The city of Fresno, California, is a sprawling place, not known for having a strong transit system. But it's been making big strides. Last year, this city of 500,000 passed a "general plan" that called for 45 percent of new development to be "infill," or built in already developed areas.
The plan relies on beefing up transit service as well. The proposal the city settled on calls for two bus rapid transit lines -- one running north-south and the other running east-west. About 60,000 people make their homes within a quarter mile of the proposed routes. Fresno was able to win some $50 million to make it happen, as well, thanks to a federal Small Starts grant and state environmental grants.
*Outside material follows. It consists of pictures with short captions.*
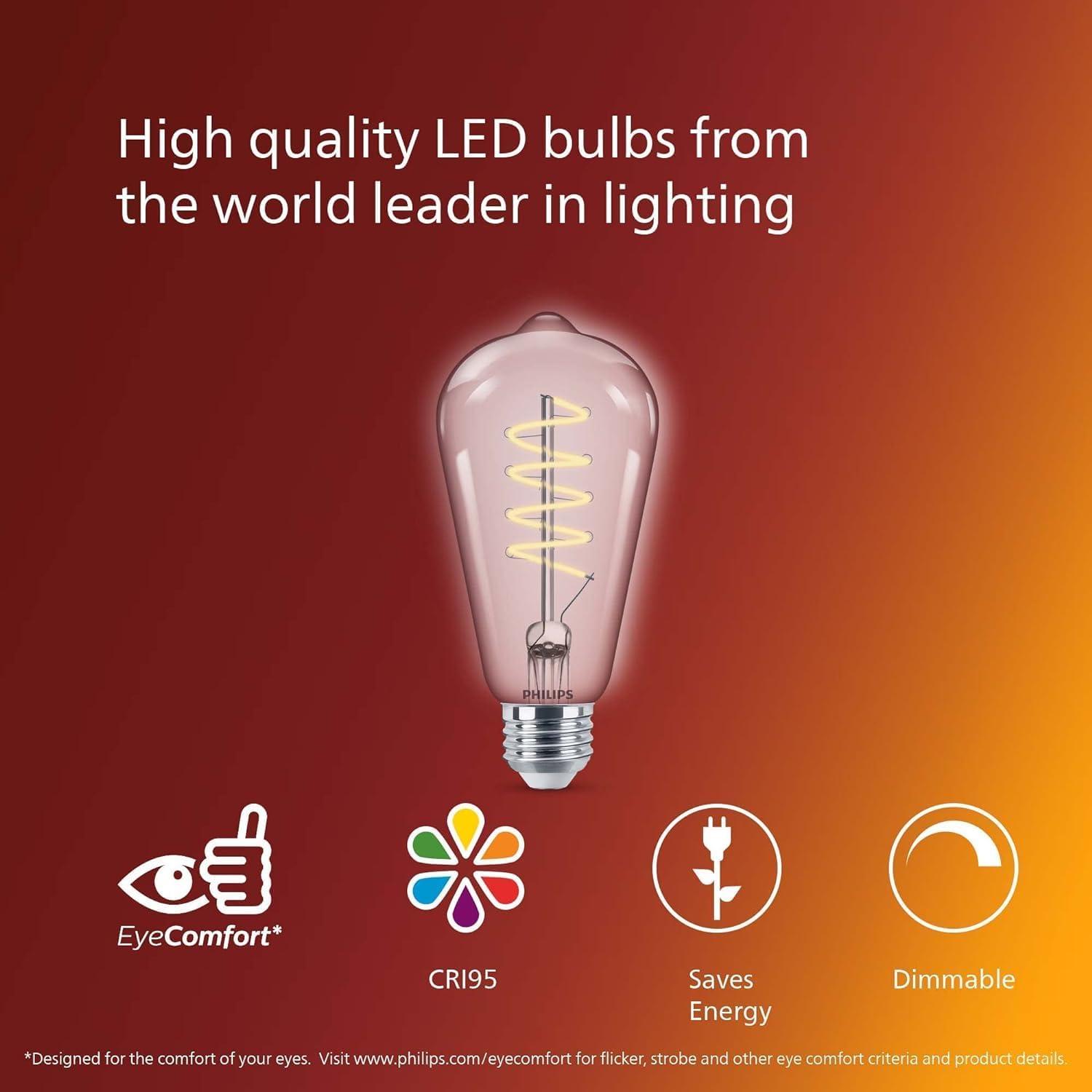 Philips LED 60-Watt ST19 Straight Tubular Filament Lightbulb, Clear Bright White, Dimmable, E26 Medium Base (1-Pack):
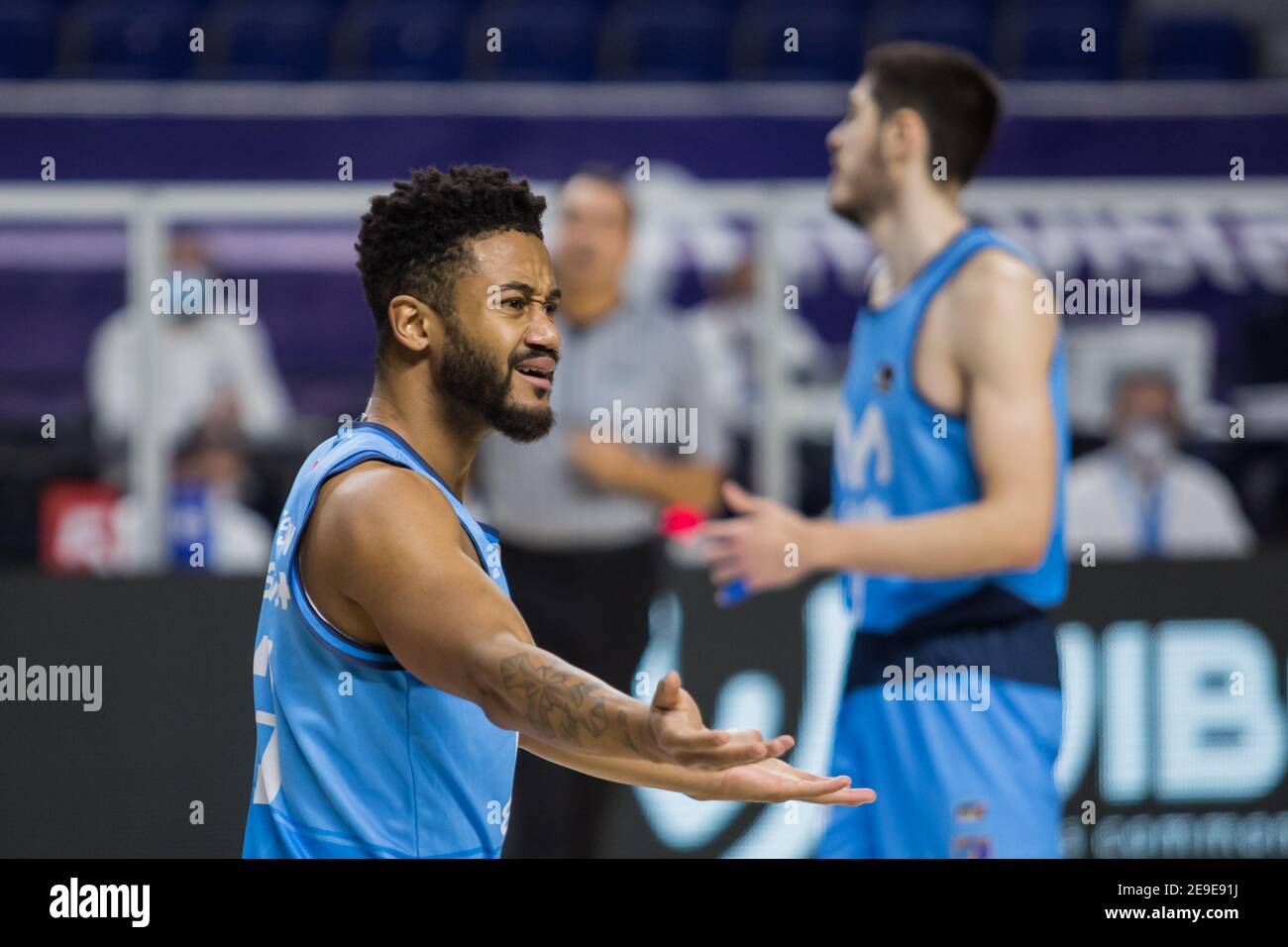 John Roberson während Casademont Zaragoza Sieg über Movistar Estudiantes 73 - 79 in Liga Endesa regulären Saison Spiel (Tag 19) gefeiert in Madrid, Spanien im Wizink Center am 3. Februar 2021. (Foto von Juan Carlos García Mate/Pacific Press/Sipa USA) Stockfoto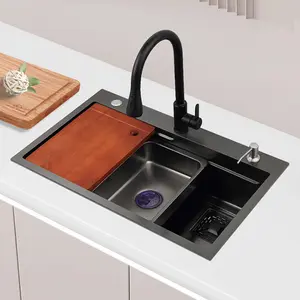 75x46cm Black Nano Stainless Steel Kitchen Sink Handmade Thickening European Kitchen Sink Large Single Bowl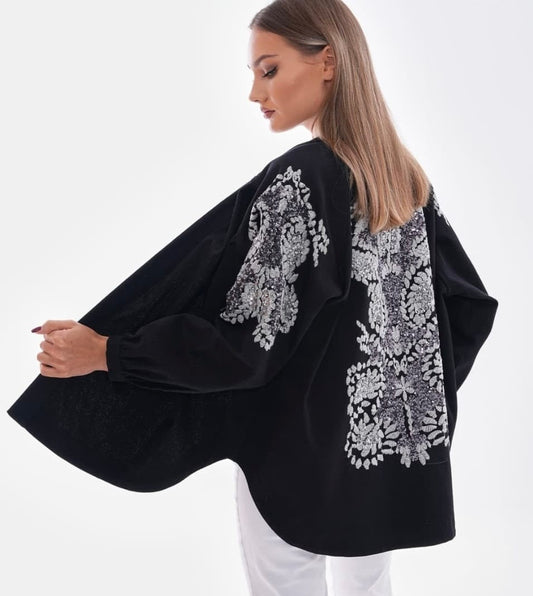 Embellished Black Kimono-Style Jacket with Silver Floral Embroidery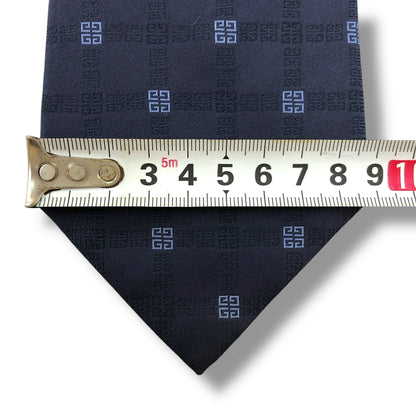 【7484】良品！ジバンシー　ネクタイ　ネイビー系　４G柄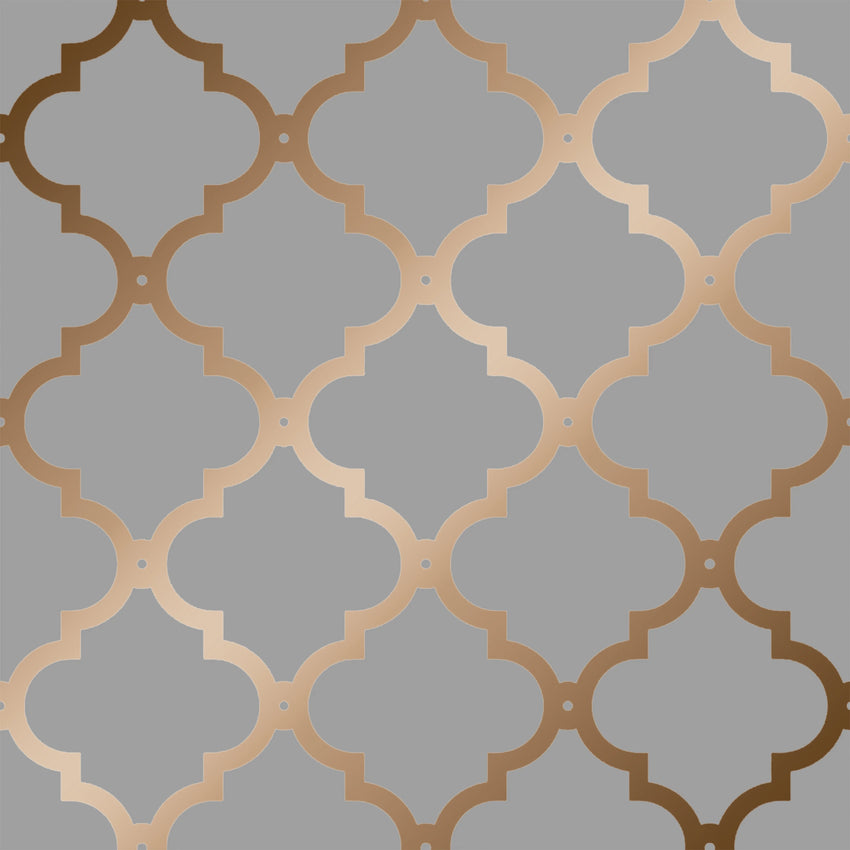 Morocco Trellis Wallpaper in Grey and Copper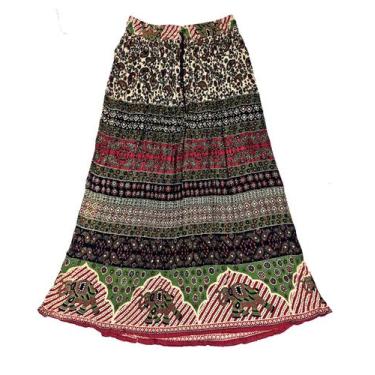 Imagem de Saia Indiana Maia Cigana Rodada Longa Vários Modelos - Bali, Verde esc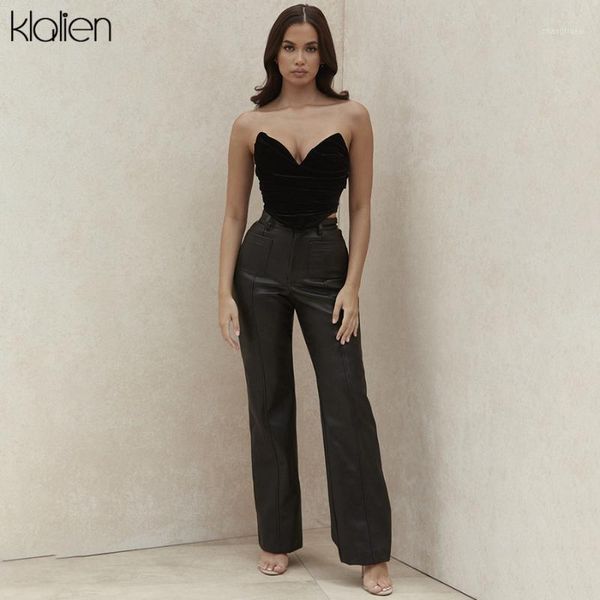

klalien autumn fashion casual pu leather women wide leg pants solid loose high waist straight faux leather female trousers 20201, Black;white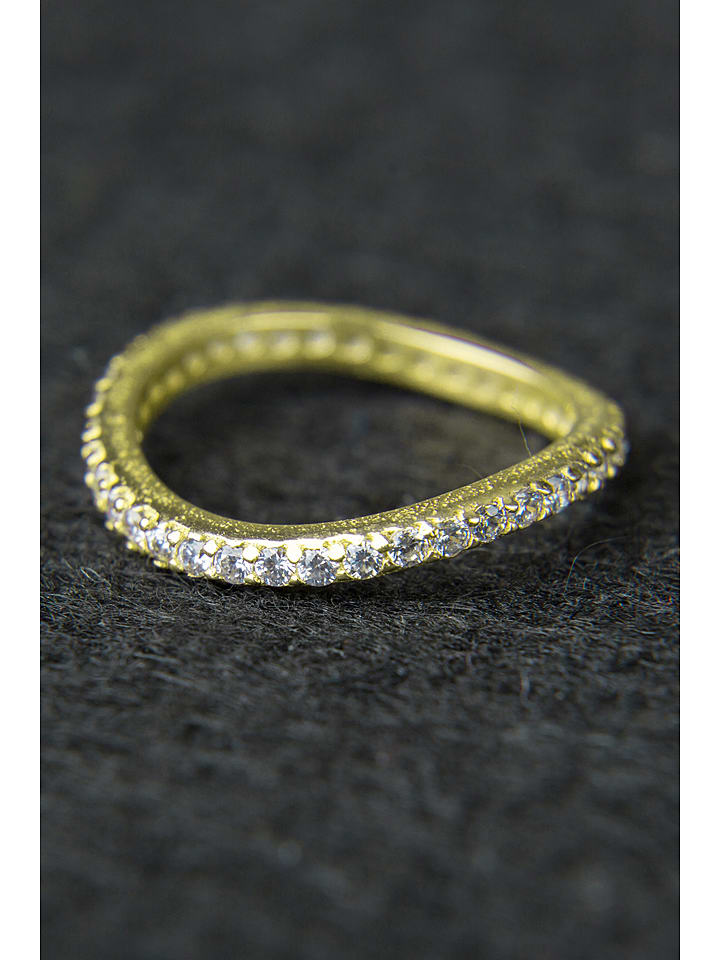 atelier MIU Pozłacany pierścionek z cyrkoniami rozmiar: onesize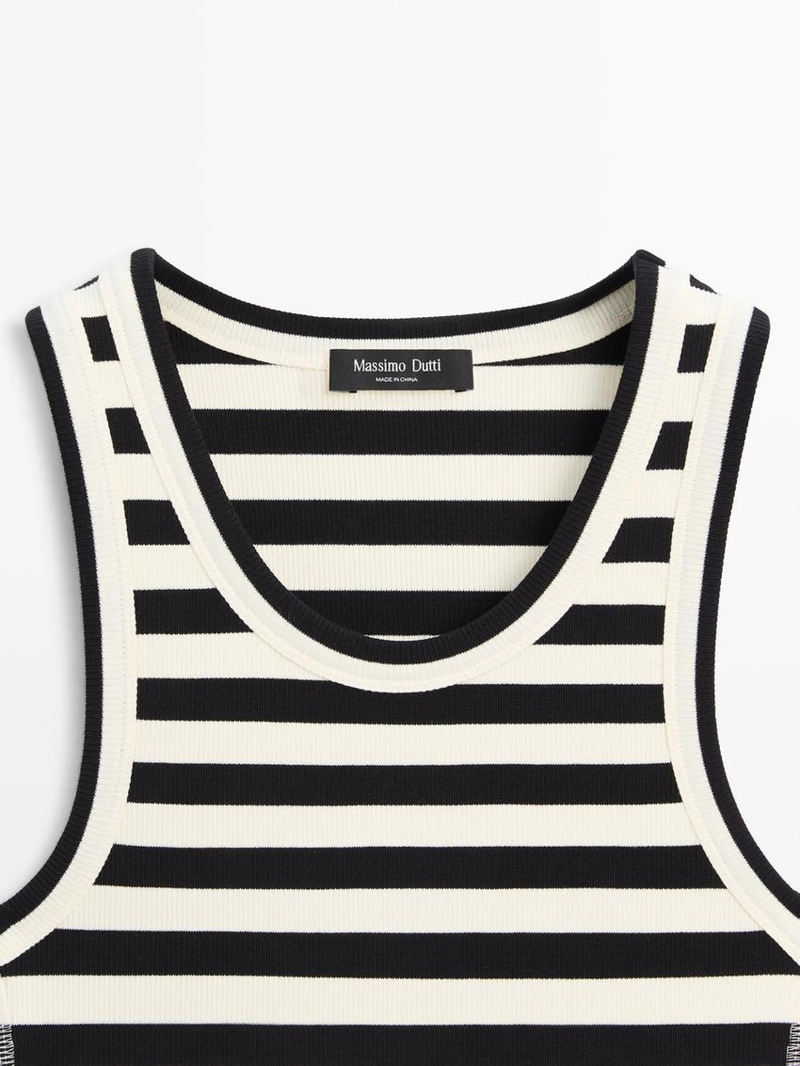 Майка без рукавов с полосатым узором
The city's major real estate developers, however, never liked the proposal to limit sprawl, and now they're threatening to derail BRT and the general plan. Those plans -- representing almost $60 million in spending -- are on the line in a City Council vote tomorrow. Will local officials vote to proceed with the BRT proposal, as required by state law?
Christine Baker is a coordinator with a group called FLARE Together -- Fresno Leaders Advocating Regionally for Equity. She said city government could go either way. In their opposition campaign, local real estate developers have teamed up with the Tea Party and the Amalgamated Transit Union, whose local leader is allied with Tea Party groups, Baker said. "We have a local PAC that has been running fear mongering ads on local conservative talk radio: 'If BRT is approved crime will increase in Riverpark,'" a shopping center.
If the city refuses to support BRT, it will lose the $50 million in funding -- which included three years of operating money -- as well as some $7 million that was spent developing the general plan. Plus, it will cost millions to develop a new plan.
"There’s no rational argument against it at this point," said Baker. "It's just all out war."
Opponents of the plan have suggested the money would be better spent improving existing bus routes. But federal guidelines wouldn't allow the money to be transferred that way. Furthermore, as the Frenso Bee pointed out in an editorial today, the city was required to show that the bus rapid transit lines would be financially viable in the long term in order to qualify for federal funding. So there's no sound reason to worry that other bus service would suffer.
"The fears raised and the arguments made by BRT opponents don't withstand scrutiny," the Bee editorial board wrote, accusing opponents of employing a "political trick."
"The Fresno City Council must move forward with BRT and give residents a much-needed upgrade in mass transit."